オオヤブデイリーファームは、大薮裕介さんが産まれる約3年前、父である正勝さんが創業しました。その当時は高度経済成長期。正勝さんは、「これからは酪農だ」という流れに乗った形だったそうです。
当初、裕介さんには跡を継ぐ意識はまったくなかったそう。しかし「服飾デザインの仕事への就活も始めていた大学4年の時、突然母が倒れてしまって。」
大学へ通いながら、牧場の仕事に本格的に携わり始めました。
お母様の容態が落ち着いた頃、牧場関連の研修旅行でアメリカを横断する機会に恵まれた大薮さん。そこで共に旅をした酪農家のご夫婦が毎年海外旅行をしていると聞いたといいます。「酪農家であっても、時間とお金をマネジメントできれば海外旅行へ行けるんだ、酪農家っていいんじゃない? くらいの気持ちで就農しました。不純な動機ですよ(笑)。」
大薮さんは笑顔で話します。
しかし就農した大薮さんは、現実が厳しいものと思い知らされます。BSE(狂牛病)や口蹄疫といった牛の感染症、さらに国による生乳の生産調整を受け、酪農業界は過酷な状況に陥りました。大薮さんの収入も大幅に減少します。
酪農業界への不安が、最悪の状況になってきたのが30歳になったころ。
「地元の酪農家の先輩が亡くなり、わが家の畑が次々と売りに出されるなど、多くのきっかけが立て続けに起こり、牧場から逃げている場合ではないと気付かされました。」
経営に関する勉強会や、マーケティング研究会に参加し、真剣に学び始めたといいます。
大薮さんには、勉強会の講師からかけられた、忘れられない言葉があります。
「牛乳1滴をしぼるのに3年がかかります。それなのに水より安い価格になる。どうしてですか、とたずねたとき、逆に『大薮くん、あなたの商品に選ばれる理由はありますか?』と聞かれたんです。」
一般的に、販売されている牛乳のラベルに、生産した牧場名が載ることはありません。
「選ばれる理由を持つためには、うちの牧場だけの商品をつくるしかない。」
大薮さんが心を決めた瞬間でした。
補助金などを活用し、加工品の製造所として用意できたのは、2.5m四方の狭い工房。
牛乳の加工品は「1商品につき1部屋」といったルールがあり、加工品として製造できるのは1種類のみです。果物などのフレーバーによって味が決まるアイスクリーム、職人の技が必要で廃棄成分も多いチーズ…と選択肢を消し、最終的にヨーグルトを選びました。

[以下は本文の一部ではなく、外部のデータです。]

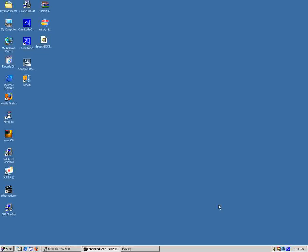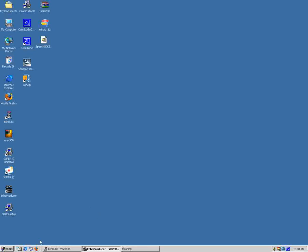Hi, this is Paul VK2EX and I'm going to show you how to set up your computer to allow Echo Producer to operate on the system.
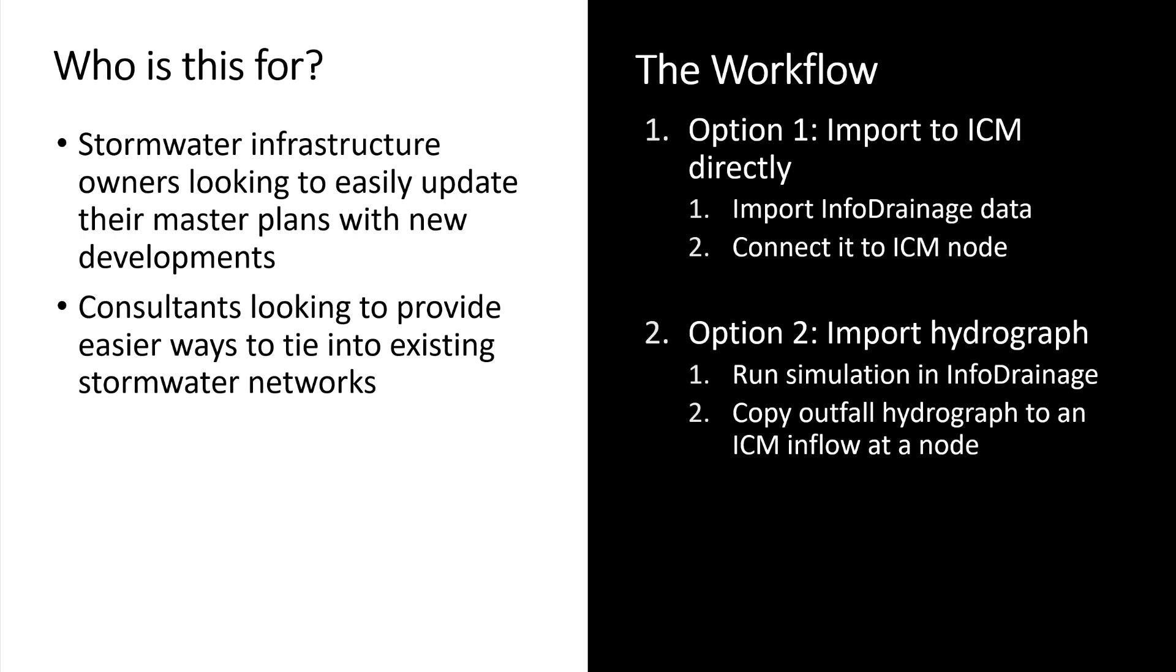The second option is to simply import a hydrograph from an outfall in InfoDrainage. First we'll run the simulation in InfoDrainage, generate that outfall hydrograph, and copy that information into an ICM inflow at a node.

牛乳の濃厚さがクリーム層で表現でき、生乳を無駄なく活用できるヨーグルトに、大薮さんは牧場の未来を託しました。
大薮さんのヨーグルトづくりは試行錯誤の連続。
「職人としては素人同然ですから、以前から委託製造をお願いしていた別の牧場の方に聞きながら、乳酸菌の量や発酵時間を変えて、少しずつ味を確かめていきました。」
当時おろしていた道の駅の売場では、製造委託のロットごとに乳酸菌を変えて研究していっていたので、手作りのポップに、〈オオヤブデイリーファームの挑戦〉と掲げ、手書きでその日のヨーグルトの味を書き込んでいたそう。
「『今回は酸味が控えめで、粘り気があります』とか、毎回違うんですよ(笑)。パッケージが同じなのに味は違うというおかしな商品でした。でも毎回売り切れていて、応援してくれる人がいるんだな、と。」
当時の大薮さんは、朝4時にヨーグルトの発酵状況を確認し、6時以降は朝の搾乳作業、昼間は畑で牧草の管理をし、夕方の搾乳を終え、18時から工房、翌1時まで作業……といった極限の生活。

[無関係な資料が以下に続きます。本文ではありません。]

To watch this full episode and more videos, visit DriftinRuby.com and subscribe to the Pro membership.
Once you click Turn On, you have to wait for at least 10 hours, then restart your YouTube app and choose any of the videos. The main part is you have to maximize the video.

「もちろん大変でしたけど、自分が『やろう』と思って始めたことは、めっちゃ楽しかったですね。24時間作業しても苦にならないくらい。」
ヨーグルト製造に携わることで、世界のヨーグルトにも興味を持ち、25カ国のヨーグルトを食べ歩いている大薮さん。そんな中で出会ったのが、フランスの非営利団体「ブルー・ブラン・クール(BBC)」でした。
BBCの厳格な飼養管理技術に従い、健康的な状況で育てられた牛のミルクは栄養価が高く、「人々の健康に寄与する」とフランス政府にも認証されています。世界で5000以上の農家が所属するBBCへの賛同が「自分の牧場が選ばれる理由になる」と確信した大薮さん。BBC基準での牛乳づくりに取り組み始めます。その結果、オメガ3脂肪酸が含まれるジャージー牛乳を使ったヨーグルト「MILK’ORO Aging Yogurt ®」が生まれました。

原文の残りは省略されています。